◆ DATA LISTING ◆
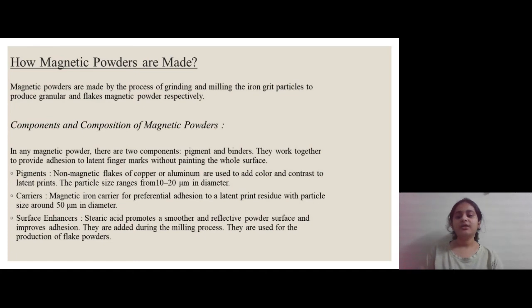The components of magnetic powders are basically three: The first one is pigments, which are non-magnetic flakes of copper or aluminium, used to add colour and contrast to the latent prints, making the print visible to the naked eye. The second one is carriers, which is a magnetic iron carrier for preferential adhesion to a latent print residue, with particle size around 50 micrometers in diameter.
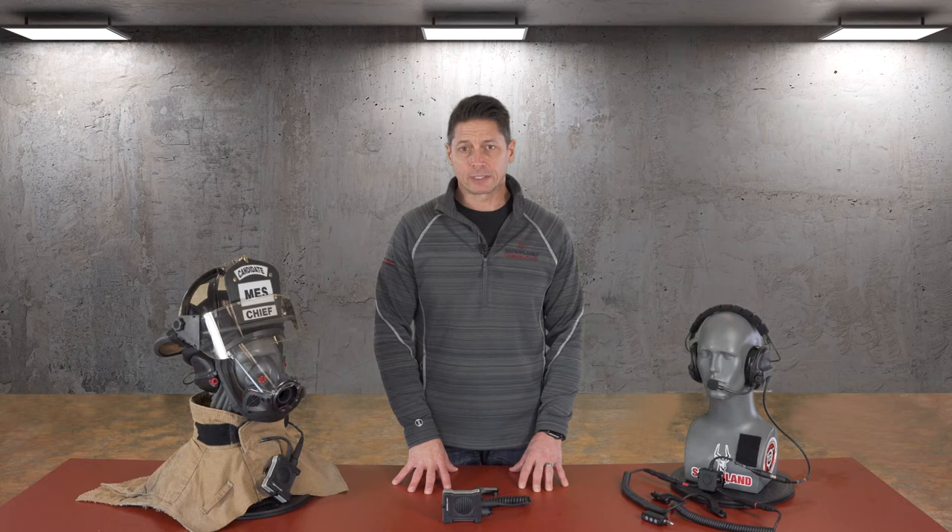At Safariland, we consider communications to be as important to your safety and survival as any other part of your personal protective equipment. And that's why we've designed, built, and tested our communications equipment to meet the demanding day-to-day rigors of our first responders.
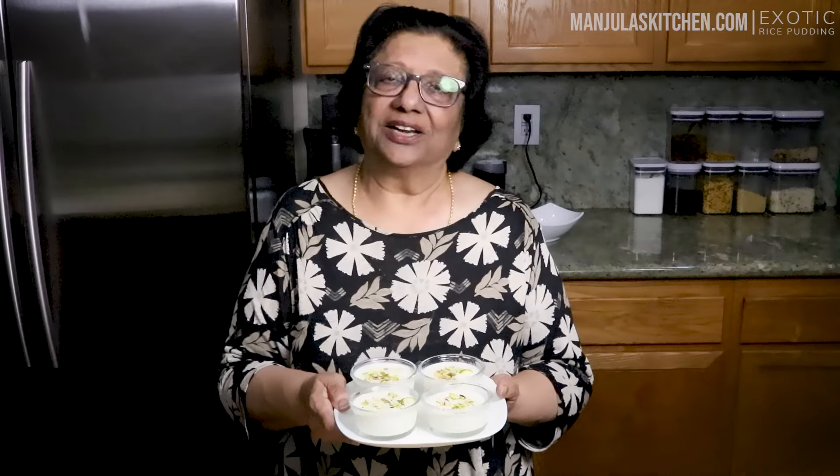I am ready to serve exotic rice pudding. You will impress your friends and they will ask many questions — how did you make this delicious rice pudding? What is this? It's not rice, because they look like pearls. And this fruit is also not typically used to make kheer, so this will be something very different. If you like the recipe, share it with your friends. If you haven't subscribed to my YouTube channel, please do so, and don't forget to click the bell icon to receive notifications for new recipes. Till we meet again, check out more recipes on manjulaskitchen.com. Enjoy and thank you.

...

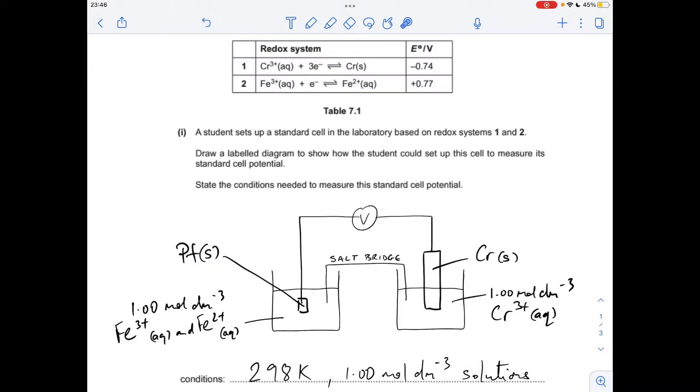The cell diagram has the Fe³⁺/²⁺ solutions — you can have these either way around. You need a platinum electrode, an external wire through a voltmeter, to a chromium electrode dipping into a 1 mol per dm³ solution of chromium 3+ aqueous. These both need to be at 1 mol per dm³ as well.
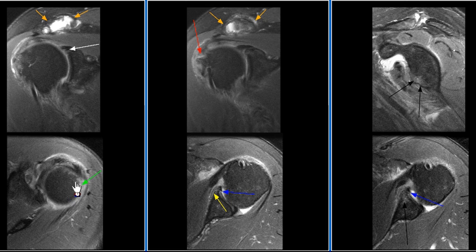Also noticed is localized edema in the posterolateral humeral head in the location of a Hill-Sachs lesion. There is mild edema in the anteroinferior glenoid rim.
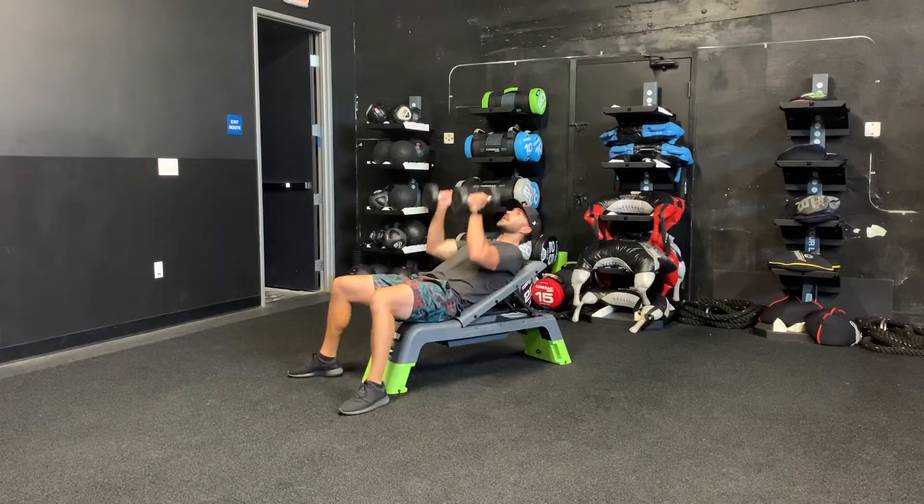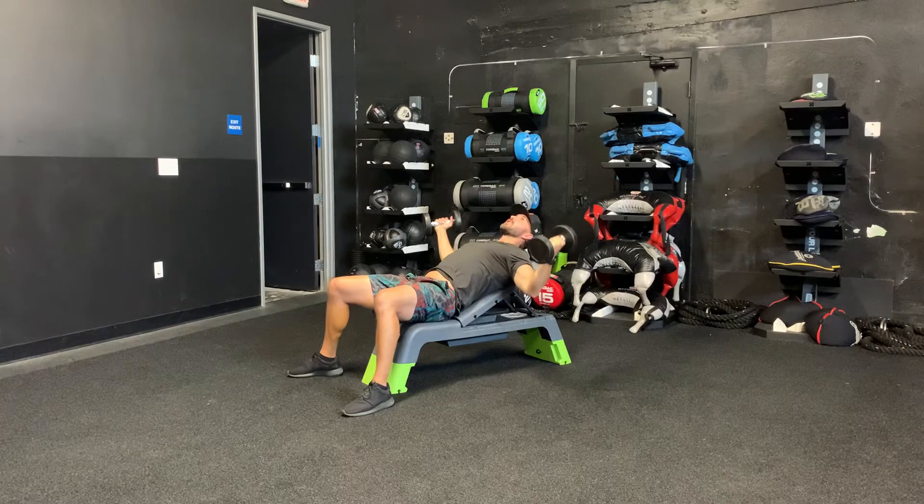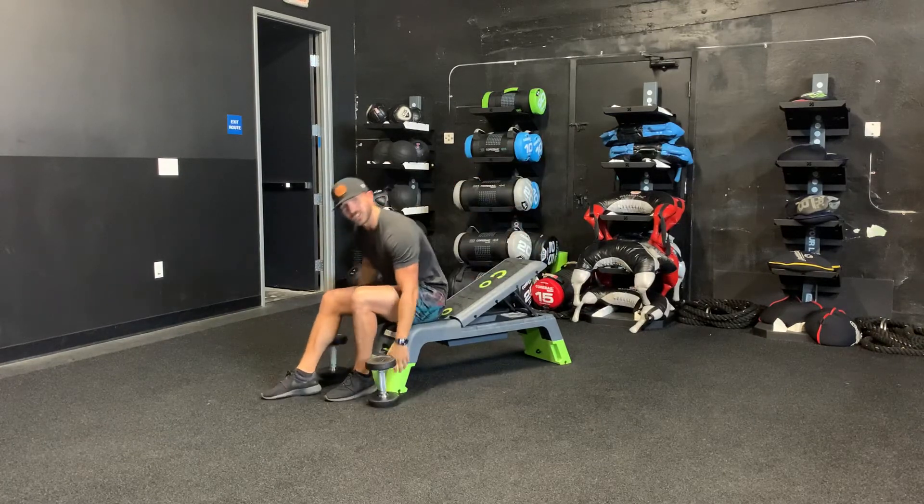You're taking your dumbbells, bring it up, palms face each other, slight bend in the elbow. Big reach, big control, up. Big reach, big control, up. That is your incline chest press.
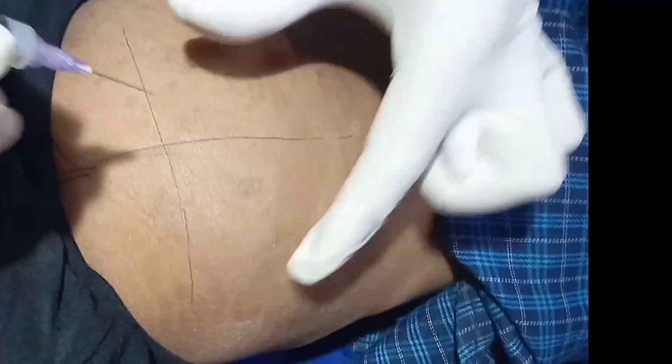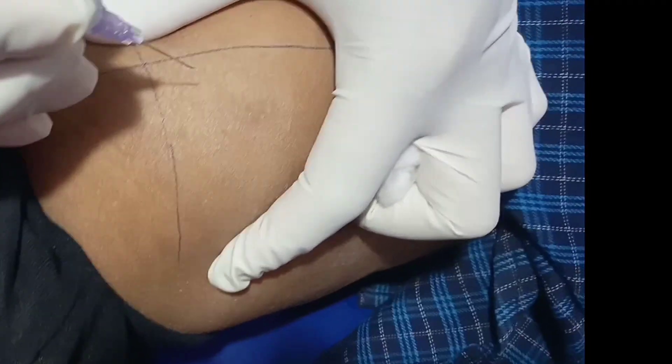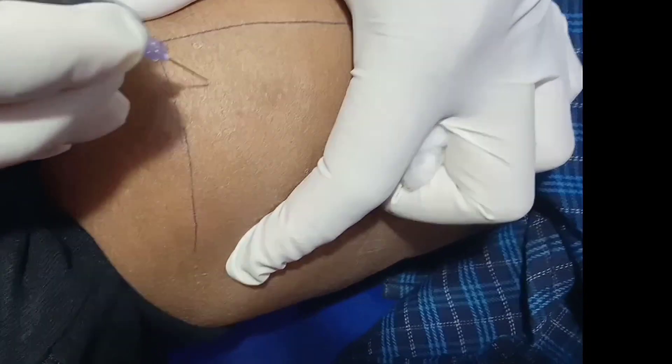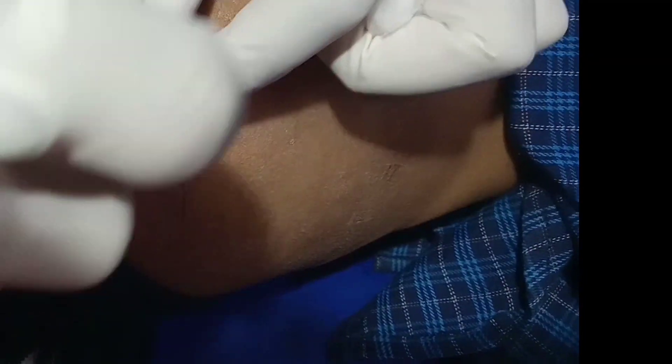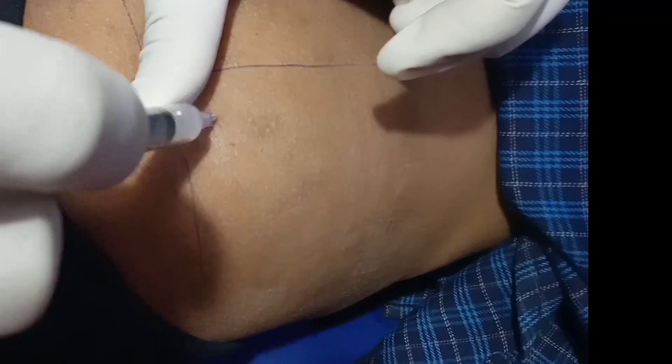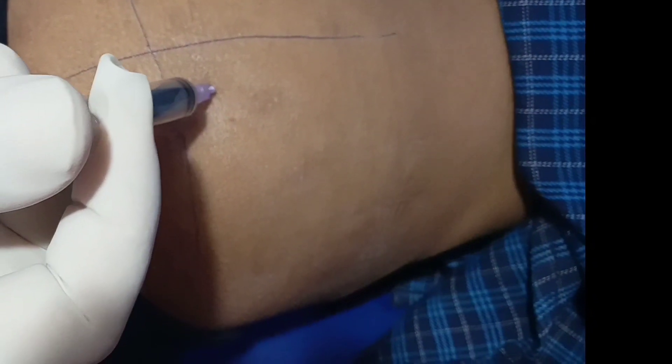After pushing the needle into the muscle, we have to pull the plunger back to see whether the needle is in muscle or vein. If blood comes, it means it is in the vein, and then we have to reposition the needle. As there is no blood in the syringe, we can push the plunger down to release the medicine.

---

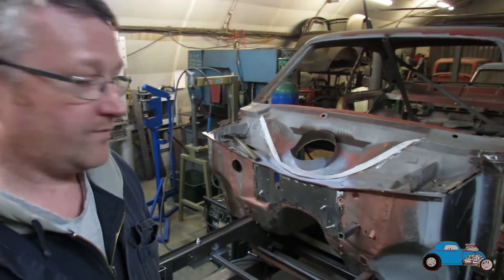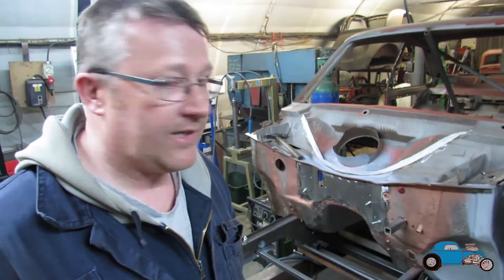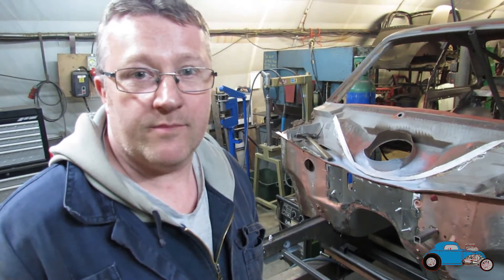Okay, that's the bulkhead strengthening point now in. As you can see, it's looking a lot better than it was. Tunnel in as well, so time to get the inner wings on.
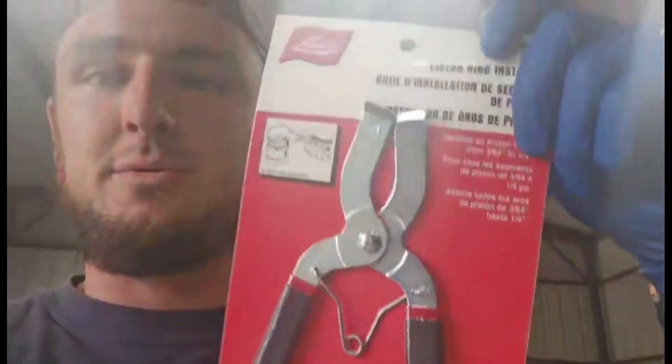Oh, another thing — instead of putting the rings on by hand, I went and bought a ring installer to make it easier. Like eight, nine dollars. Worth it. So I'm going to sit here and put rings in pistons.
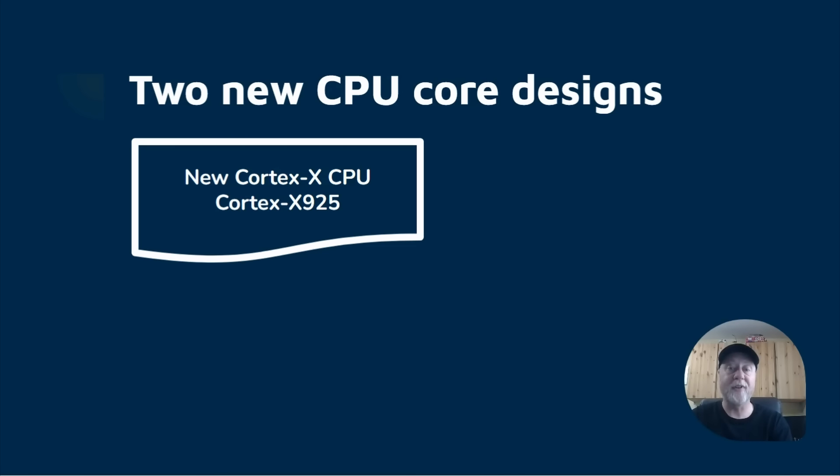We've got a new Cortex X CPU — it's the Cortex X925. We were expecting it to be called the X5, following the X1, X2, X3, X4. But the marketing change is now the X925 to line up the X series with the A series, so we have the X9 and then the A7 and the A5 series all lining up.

◆ ABOUT THIS TASK ◆
Return exactly the lines above, from the one with "The components of" up to and including the one with "I am ready to", and include no pictures.

◆ RESULT BELOW ◆
The components of magnetic powders are basically three: The first one is pigments, which are non-magnetic flakes of copper or aluminium, used to add colour and contrast to the latent prints, making the print visible to the naked eye. The second one is carriers, which is a magnetic iron carrier for preferential adhesion to a latent print residue, with particle size around 50 micrometers in diameter.
At Safariland, we consider communications to be as important to your safety and survival as any other part of your personal protective equipment. And that's why we've designed, built, and tested our communications equipment to meet the demanding day-to-day rigors of our first responders.
I am ready to serve exotic rice pudding. You will impress your friends and they will ask many questions — how did you make this delicious rice pudding? What is this? It's not rice, because they look like pearls. And this fruit is also not typically used to make kheer, so this will be something very different. If you like the recipe, share it with your friends. If you haven't subscribed to my YouTube channel, please do so, and don't forget to click the bell icon to receive notifications for new recipes. Till we meet again, check out more recipes on manjulaskitchen.com. Enjoy and thank you.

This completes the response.